One of the questions we always ask our guests on the podcast involves how they turn a group of individuals into a high-performing team whose members share more than a business card with the same logo. We asked Infosys Consulting CEO Andrew Duncan the question and his answer was game-changing, a lesson any leader would do well to remember.

“When you look at dysfunctional teams, you begin to wonder what each of the members really knows about the others,” he said. “The answer is usually, ‘Not very much.’ I’m talking about knowing something about your teammates beyond their roles on the team. And when you look at highly functioning teams, you see people who know one another on a deeper level.
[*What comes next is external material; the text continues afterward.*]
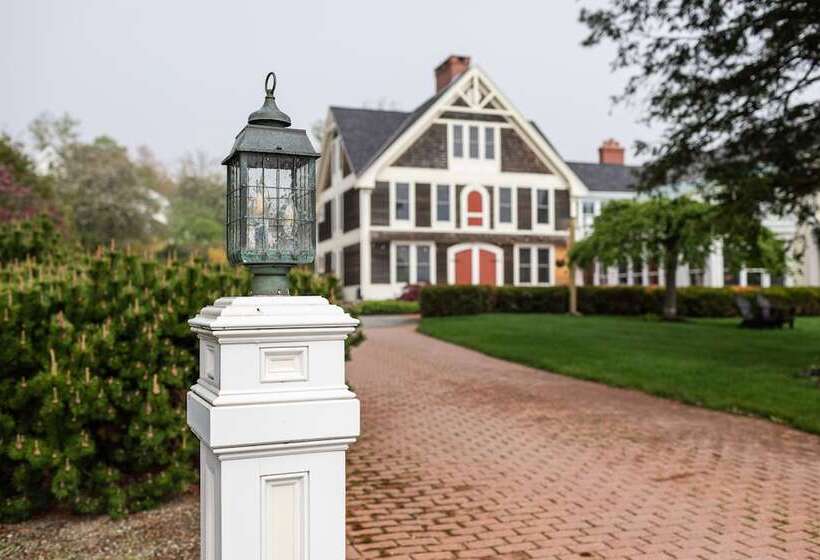 Spouter Inn Bed & Breakfast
They know what makes their teammates happy. What makes them sad. What makes them tick. And what motivates them.”

Duncan has helped a lot of individuals become teams in his more than 25 years in the consulting realm, where his clients have included Amazon, Google and Microsoft and has received international acclaim as a leading figure in his world from Consulting Magazine in 2022. In the podcast, Duncan explains that high-performing teams don’t materialize magically just because you happen to have the right talent. It falls to the leader to create the conditions and expectations that will help others come together in trust.

One way he does this is through leading by example rather than pulling rank. “For me, it’s very important to never ask someone on your team to do something you’re not prepared to do yourself,” he noted. Once, while leading a team working with a client in Memphis, Tennessee, Duncan volunteered to be the one who pulled an all-nighter to test a critical system. The next morning, when his team and their client asked whether the system worked, Duncan replied, “Of course it works. I tested it.”
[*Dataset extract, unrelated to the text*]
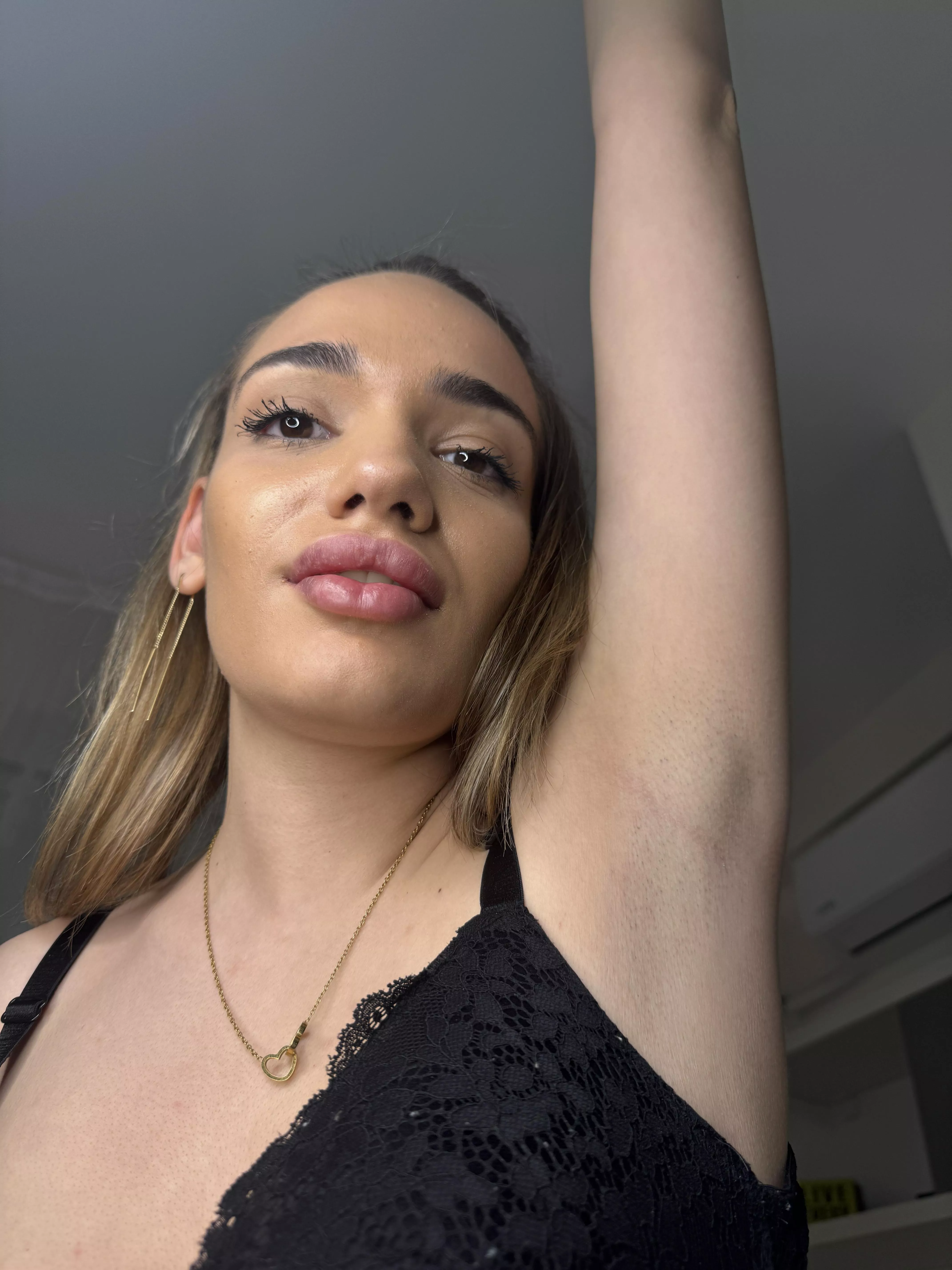 Would you date a girl who makes you worship and suck on her armpits all day long. posted by Shininoobi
The point of leading by example isn’t to be better liked by your team, says Duncan, but rather to build trust within your team. It also removes an artificial barrier – namely, rank – that can prevent leaders and their teams from getting to know each other better. Duncan says you may have to walk a fine line, but “start by building greater trust, and then raise or lower the bar on expectations, and delegate based on what you see.”

Listeners to the podcast will enjoy a “consultant’s eye view” of Duncan’s team-building expertise, including:

  • Why humility is a leader’s most potent leadership trait.
  • Knowing when to talk and when to listen – and why it matters.
  • How leaders can overcome their fear of trusting their team.

Duncan says one of his greatest sources of professional pride comes from leading people to do something that they didn’t think they could do before they started the journey with him. “For me, the measure of success is seeing people at the end of a project say, ‘Wow, I had no idea I could do that!’ That’s what gets me out of bed in the morning.”